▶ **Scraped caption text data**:
- Opening Delimiter -
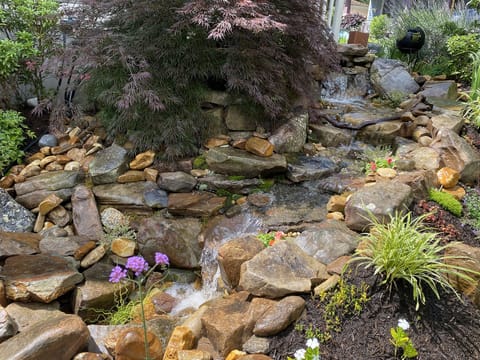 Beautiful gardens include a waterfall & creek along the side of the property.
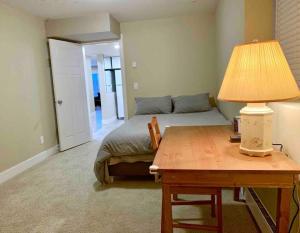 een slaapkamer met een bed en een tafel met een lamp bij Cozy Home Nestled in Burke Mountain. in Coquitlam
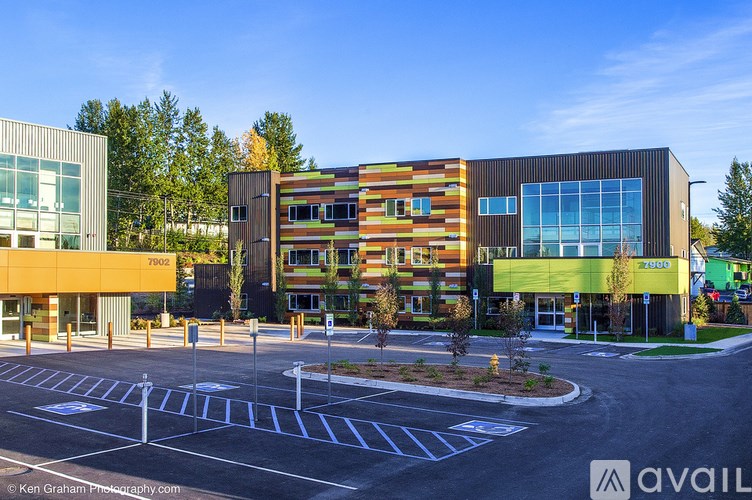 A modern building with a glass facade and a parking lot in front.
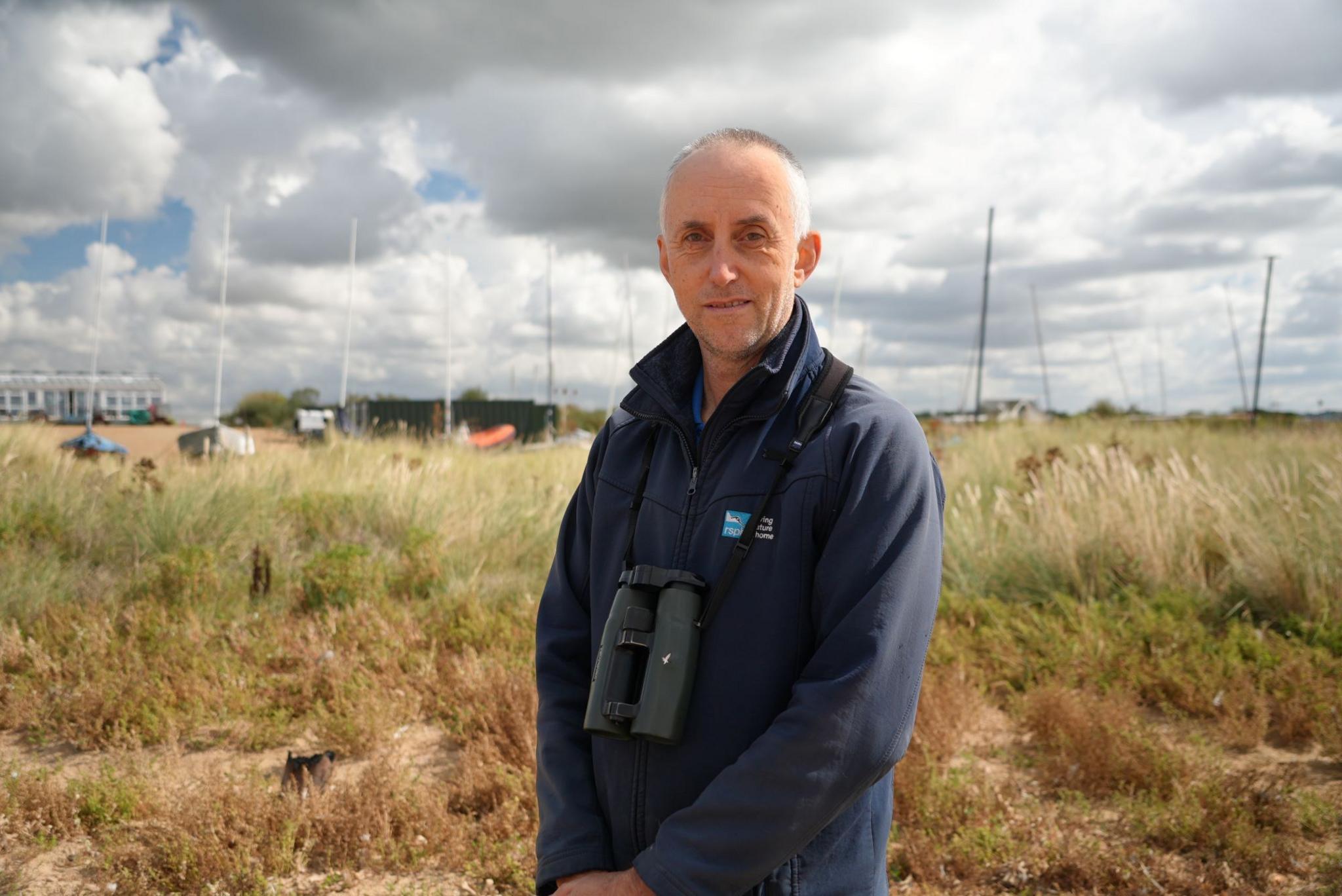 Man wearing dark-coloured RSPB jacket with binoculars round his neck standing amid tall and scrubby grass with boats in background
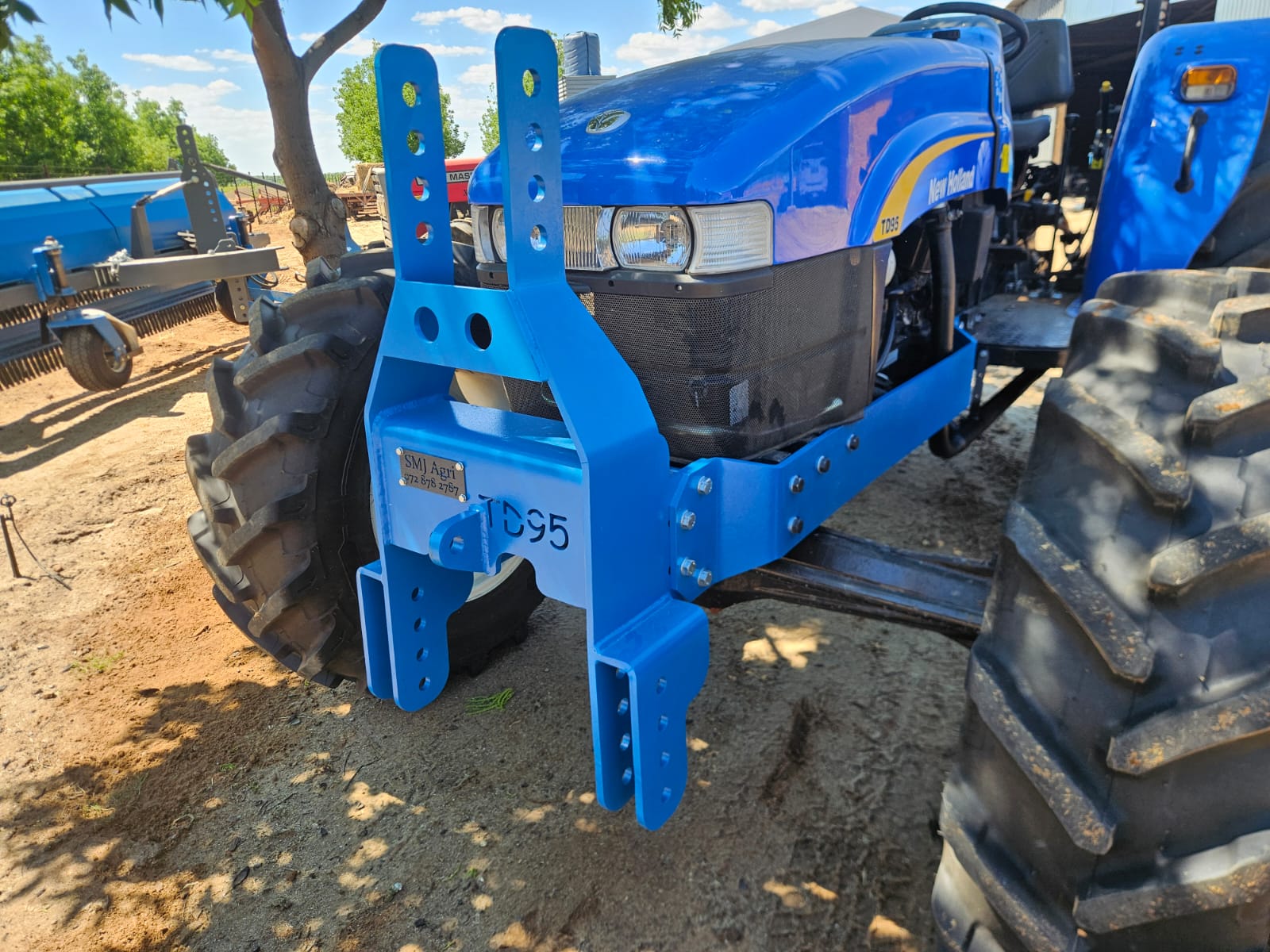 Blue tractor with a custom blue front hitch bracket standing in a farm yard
- Closing Delimiter -
▶ **Task instructions**: Where a picture appears, omit it; otherwise reproduce each line above from the first to the one with "A modern building", inclusive.

▶ **Solution for this problem**:
 Beautiful gardens include a waterfall & creek along the side of the property.
 een slaapkamer met een bed en een tafel met een lamp bij Cozy Home Nestled in Burke Mountain. in Coquitlam
 A modern building with a glass facade and a parking lot in front.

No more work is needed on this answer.